You need to use t() for the options text:
Comment #3
Noyz commentedTis true; radio's are the standard convention for mutual exclusivity. However, I disagree this helps usability (at least in this case). Radio's take up more room, provide more upfront options, and hence sometimes make the full page more intimidating. In this case, i think it's probably better to use radios for convention reasons only. I'm not sure the choice will positively impact usability.
Comment #4
Noyz commentedComment #5
dreed47 commentedNew patch w/radio's and switch statements.
Comment #6
pwolanin commentedIn the case statement you seem to repeat the default code - might be better as:
Comment #7
dreed47 commentedattached
Comment #8
dreed47 commentedHopefully one last one with minor wording changes for the block settings page.
Comment #9
pwolanin commentedneed to check that something is set:
Comment #10
dreed47 commentedOk but the default case in the switch statement also takes care of it as well. If we want a re-rolled patch it will be a few days before I can get back to this.
Comment #11
pwolanin commentedThe default in the switch only takes care of it if you have not changed the variable.
Comment #12
dreed47 commentedattached
Comment #13
dreed47 commentedComment #14
pwolanin commentedAlso, there may be a problem if the top facets are sorted such that they don't appear initially.
Comment #15
dreed47 commentedI'm not sure I understand the potential issue you are describing. The facets are either sorted by name or by count and they are always sorted prior to being split into the "visible" or "hidden" html elements in the theme_apachesolr_facet_list() theme function. I don't think the issue you are describing is a problem.
Comment #16
pwolanin commentedAs far as I understand, the mlt handler returns facets based on their frequency - so if they are alpha-sorted, the most frequent terms may not appear at all initially - this seems rather broken.
Comment #17
dreed47 commentedI'm sorry, I'm still not getting it. Maybe I'm missing something important about how this works. I assume all of the facets are exposed to the block hook in the response object ($response->facet_counts->facet_fields) You said:
If I want them to be alpha-sorted then why do I care if some of the most frequent terms may not appear initially assuming I can still expand the list to see them?
Comment #18
pwolanin commentedThe end-user will not have a choice about the facet order, so I think hiding some of the top facets would lead to a bad user experience - even if they are only a click away, many users will not explore that option.
Comment #19
janusman commentedI think I've understood what Peter is saying...
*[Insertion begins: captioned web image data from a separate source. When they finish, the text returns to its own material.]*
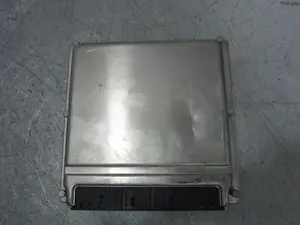 Foto de CENTRALITA MOTOR UCE MERCEDES-BENZ CLK (BM 209) CABRIO 3.2 V6 18V CAT (218 CV / 160 KW) referencia A1121535479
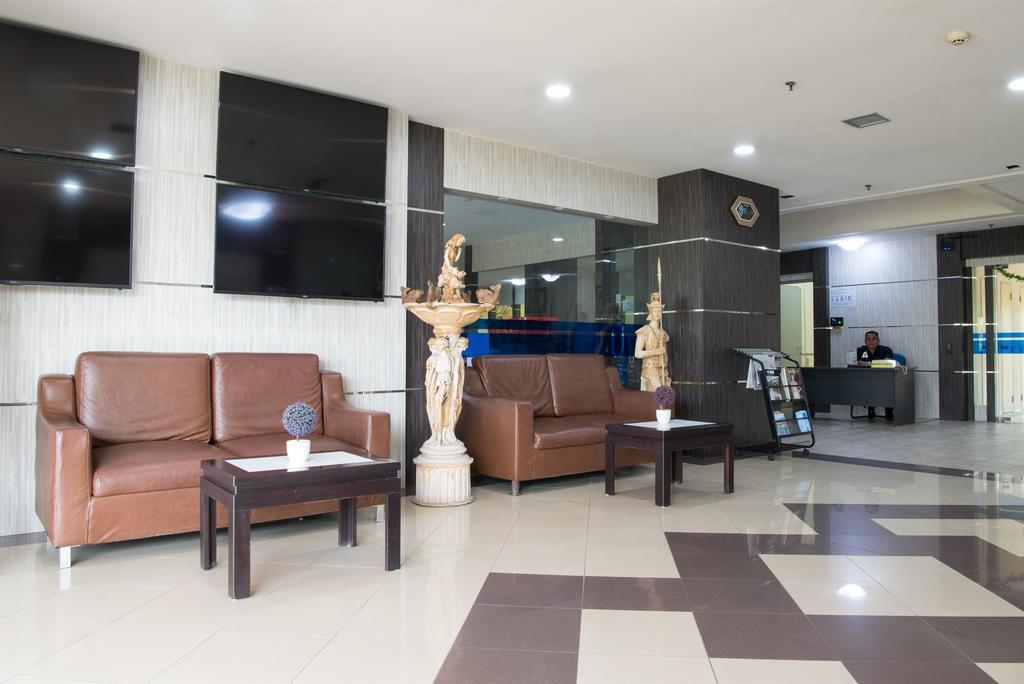 Queen Victoria Apartment Batam Ngoại thất bức ảnh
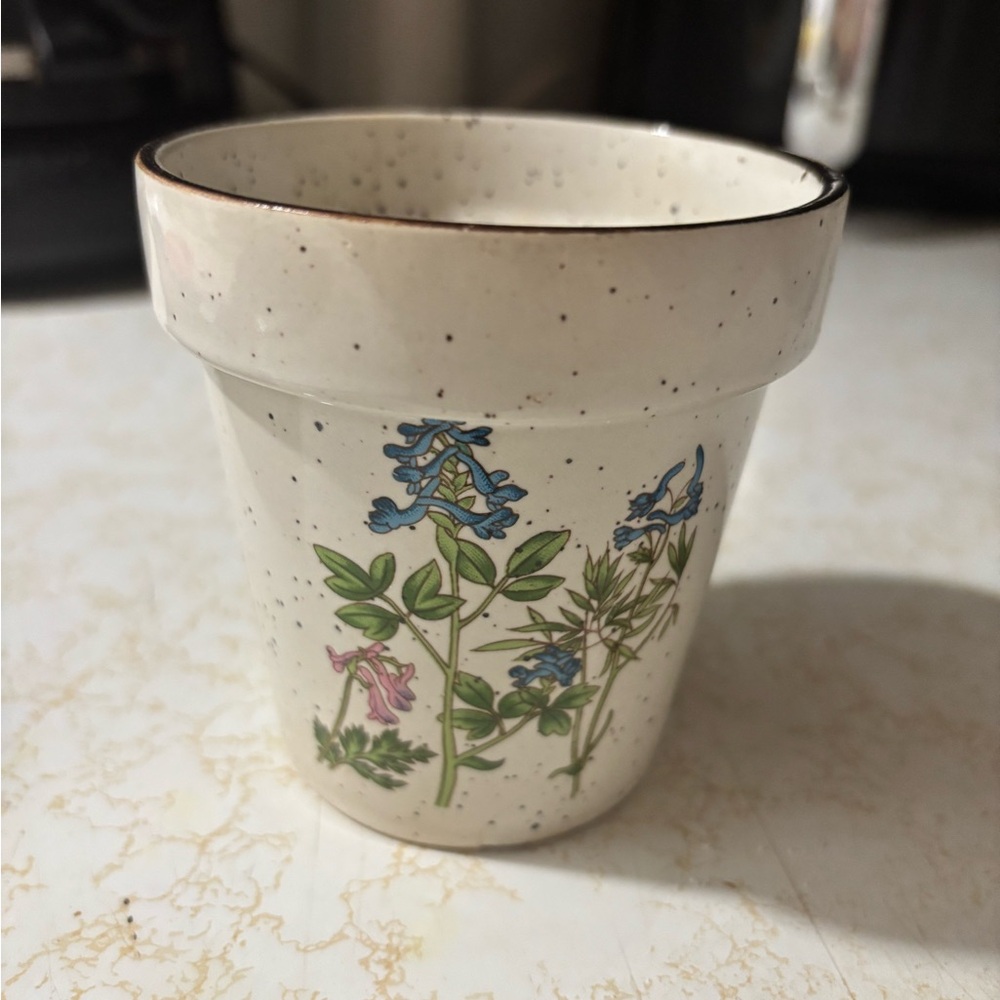 Vtg Planter with floral design and speckled on the pot and brown on the top rim.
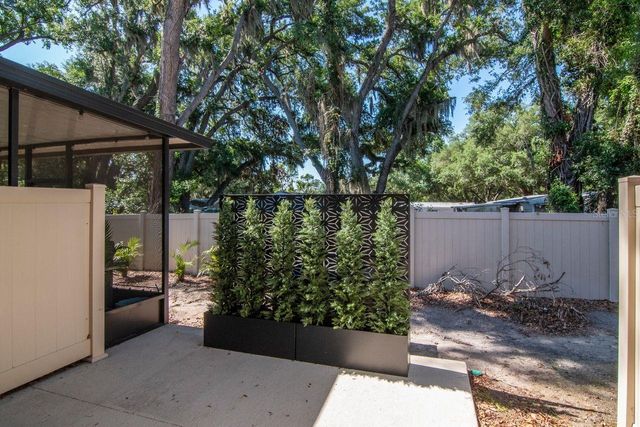 5368 SYLVESTER LOOP, Tampa, FL 33610
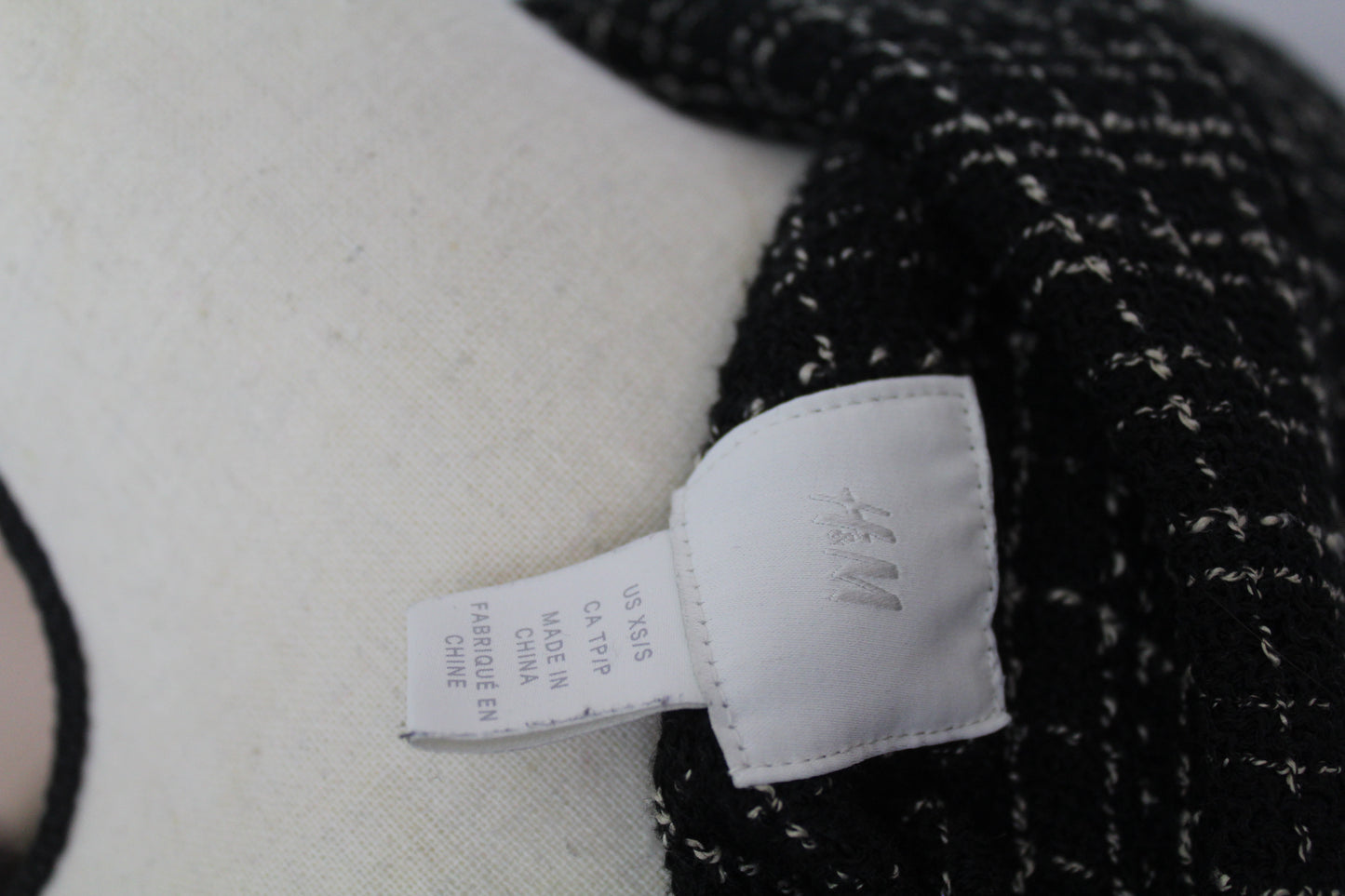 Women’s H&M Black & White Textured Knit Sweater – Size XS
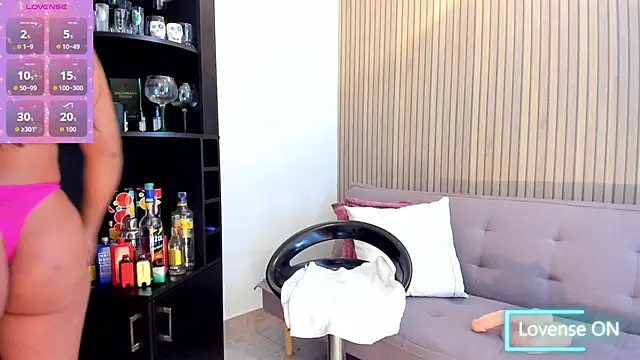 Snapshot of miacoxx_34 chatting on 03.21.26 miacoxx 34 online show from 03.21.26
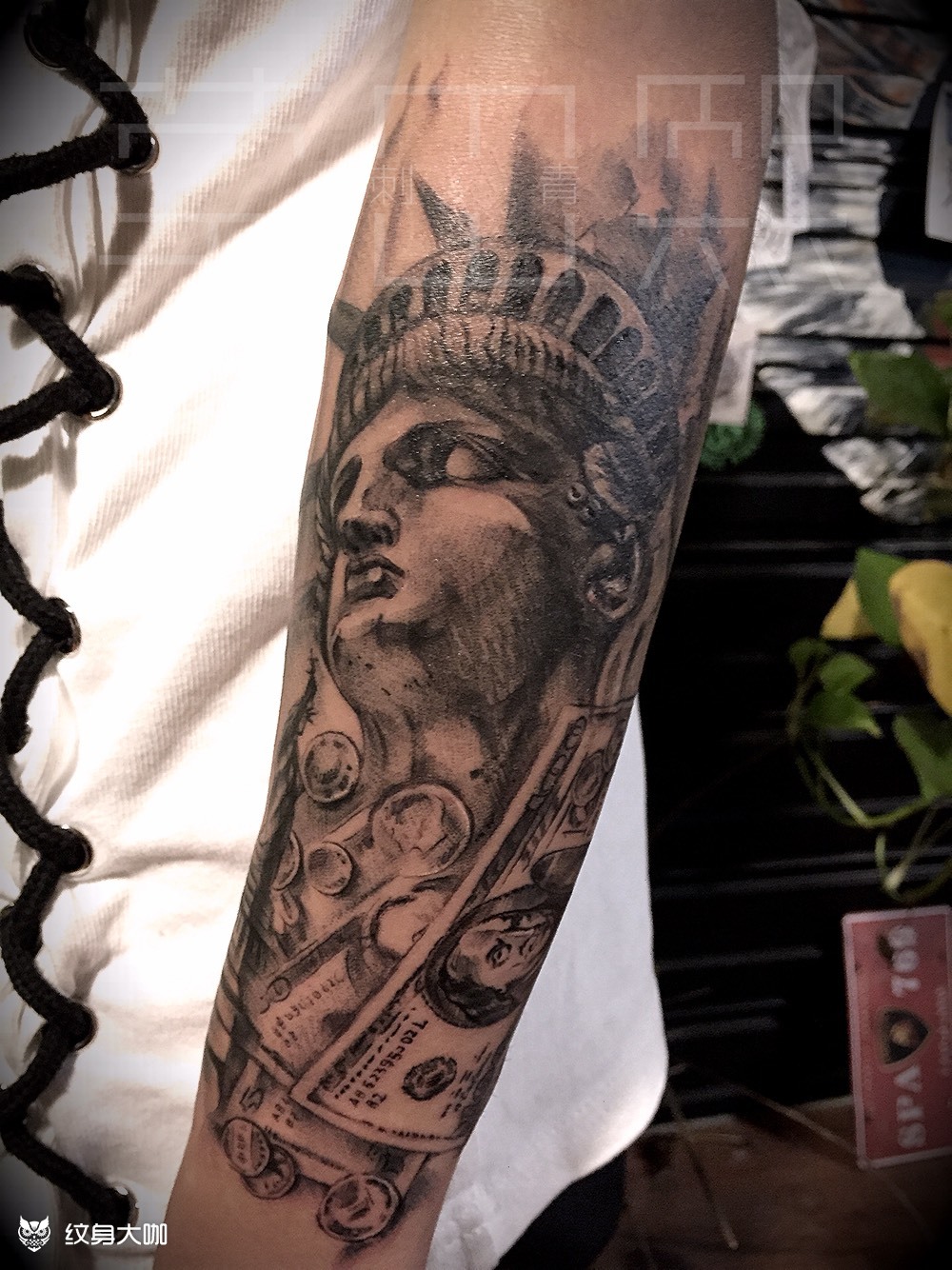自由女神纹身花臂图片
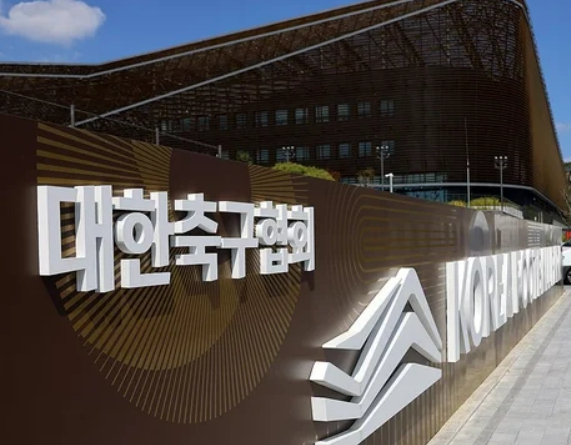 <b>축구협회</b> '외국인 <b>심판</b> 성접대' 파문 충격…경찰 압수수색에 외신도....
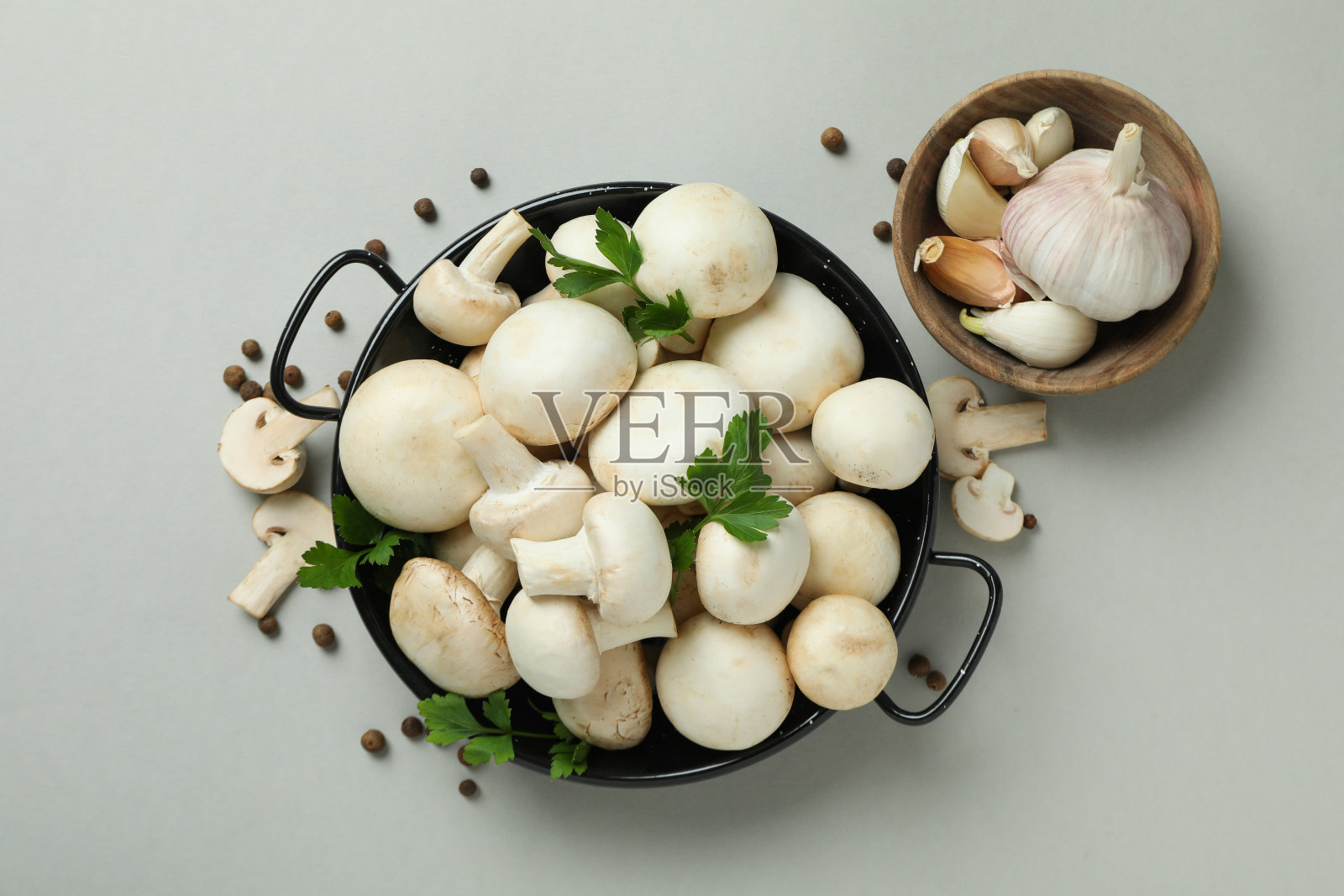 美味食物的概念与香槟在白色照片摄影图片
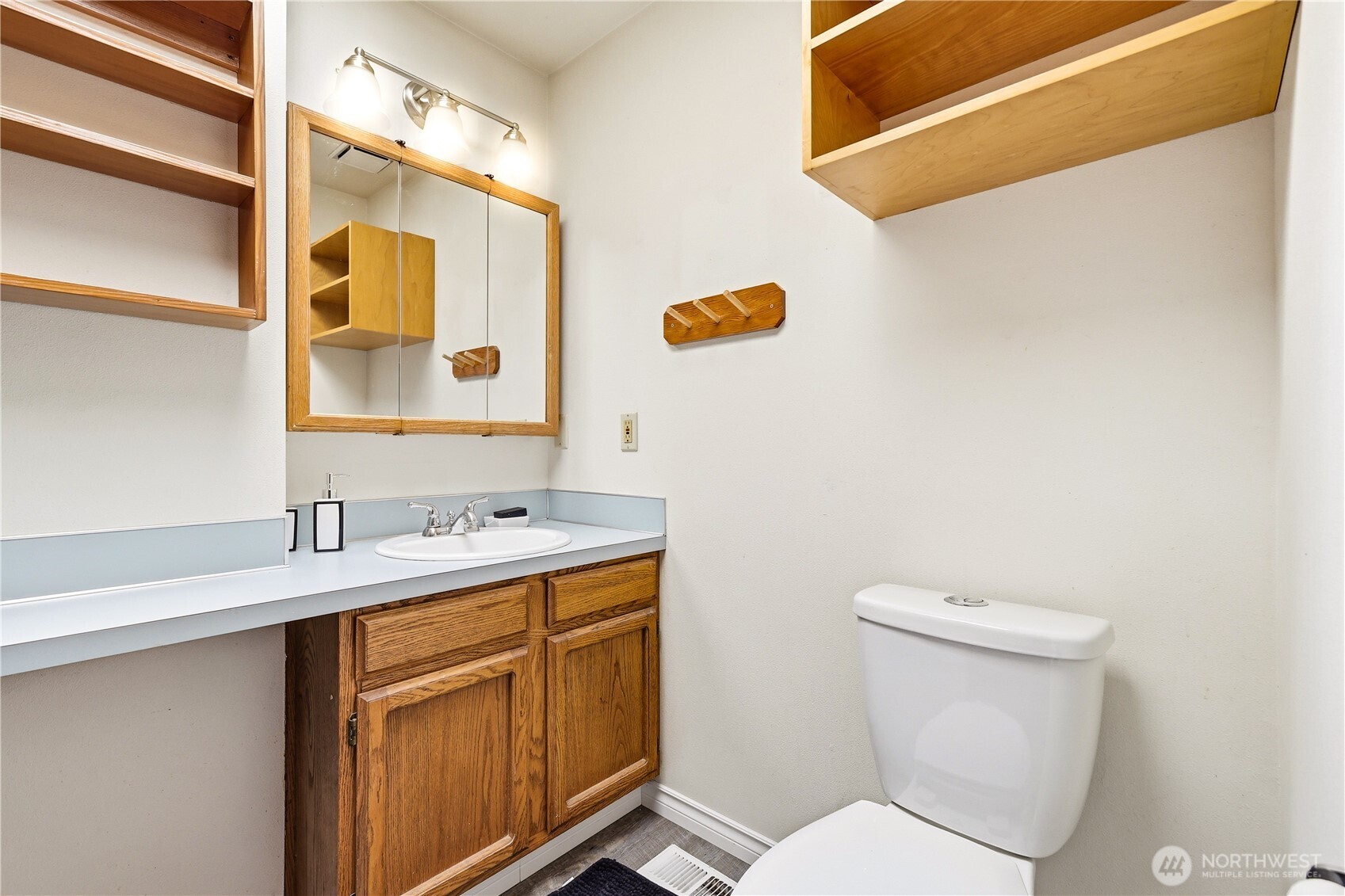 6524 64th Place Property Photo 13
Here's an example to illustrate:
Say the current search returns 500 items, and each has a different author. Therefore the "authored by" facet would have 500 values for this search. However, we are only asking Solr to return the N "most frequent" facets due to performance/bandwidth issues. If N = 10, this would leave out 490 facet values.
So sorting these 10 facets makes no sense-- we would be leaving important facet values off the list (e.g. showing the sorted list "Albert, Bart, Camila,..." but would be leaving out "Alphonse, Amadeus, Amygdala..." which *are* in the current result set)
The only case where this would make sense is if we are sure that the amount of possible facet values for this facet is N or less (the same amount the admin has configured each block to show).
The "right" solution is to instruct Solr to return facets based on alpha sort instead of frequency using facet.sort; see: http://wiki.apache.org/solr/SimpleFacetParameters#head-569f93fb24ec41b06...
This, however, means we need the functionality in the Solr PHP client *and* in the .module.
Comment #20
dreed47 commentedI think I understand now. So my solution would work for use cases of where we know that we have a relatively small number of facets and we've configured all of the facets to be shown (which happens to be my use case).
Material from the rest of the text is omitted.